New Model Can Build 3D Photorealistic Images in Real-Time


Researchers from the Max Planck Institute for Informatics and the University of Hong Kong have developed StyleNeRF, a 3D-aware generative model that creates high-resolution photorealistic images that can be trained on unstructured 2D images.

DPReview reports that the model is able to synthesize the images with multi-view consistency that, compared to existing approaches that struggle to create high-resolution images with fine details or produce 3D-inconsistent artifacts, StyleNeRF delivers efficient and more consistent images thanks to an integration of its neural radiance field (NeRF) into a style-based generator.

The researchers say that recent works on generative models enforce 3D structures by incorporating NeRF. However, they cannot synthesize high-resolution images with delicate details due to the computationally expensive rendering process of NeRF.

“We perform volume rendering only to produce a low-resolution feature map and progressively apply upsampling in 2D to address the first issue,” the researchers say, referring to the existing method’s difficulty with creating high-resolution images with fine details.

“To mitigate the inconsistencies caused by 2D upsampling, we propose multiple designs, including a better upsampler and a new regularization loss.”

StyleNeRF allows for control of a 3D camera pose and enables control of specific style attributes and incorporates 3D scene representations into a style-based generative model. This method allows StyleNeRF to generalize unseen perspectives of a photo and also supports more challenging tasks like zooming in and out and inversion.

“To prevent the expensive direct color image rendering from the original NeRF approach, we only use NeRF to produce a low-resolution feature map and upsample it progressively to high resolution,” the researchers explain.
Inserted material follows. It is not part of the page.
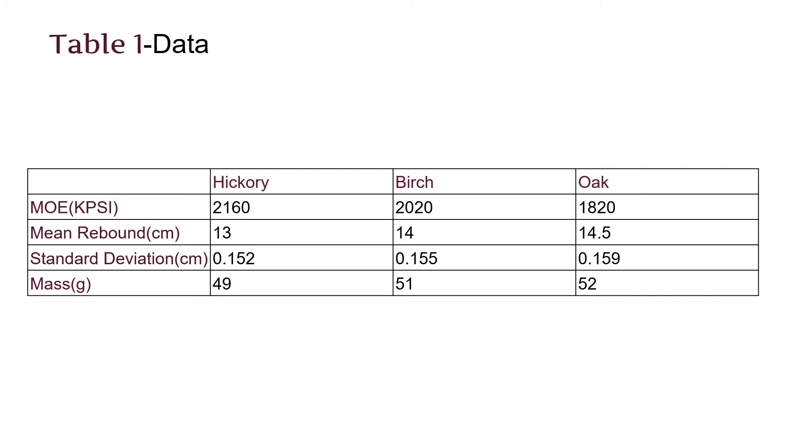I wanted to make sure that the mass wasn't the only factor. Here you can see that it kind of went backwards with my data and the modulus of elasticity didn't really correspond with the rebound height. The standard deviations were pretty similar, so I could see that this data was scientific.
New Model Can Build 3D Photo-Realistic Images in Real-Time
The researchers explain: “Style mixing (Top): images were generated by copying the specified styles from source B to source A. All images are rendered from the same camera pose. Style interpolation (Middle): we linearly interpolate two sets of style vectors (leftmost and rightmost images) while rotating the camera. Style inversion and editing (Below): the target image is selected from the DFDC dataset (Dolhansky et al., 2019). To edit with CLIP scores, we input ‘a person with green hair’ as the target text.”

“To improve 3D consistency, we propose several designs, including a desirable upsampler that achieves high consistency while mitigating artifacts in the outputs, a novel regularization term that forces the output to match the rendering result of the original NeRF and fixing the issues of view direction condition and noise injection.”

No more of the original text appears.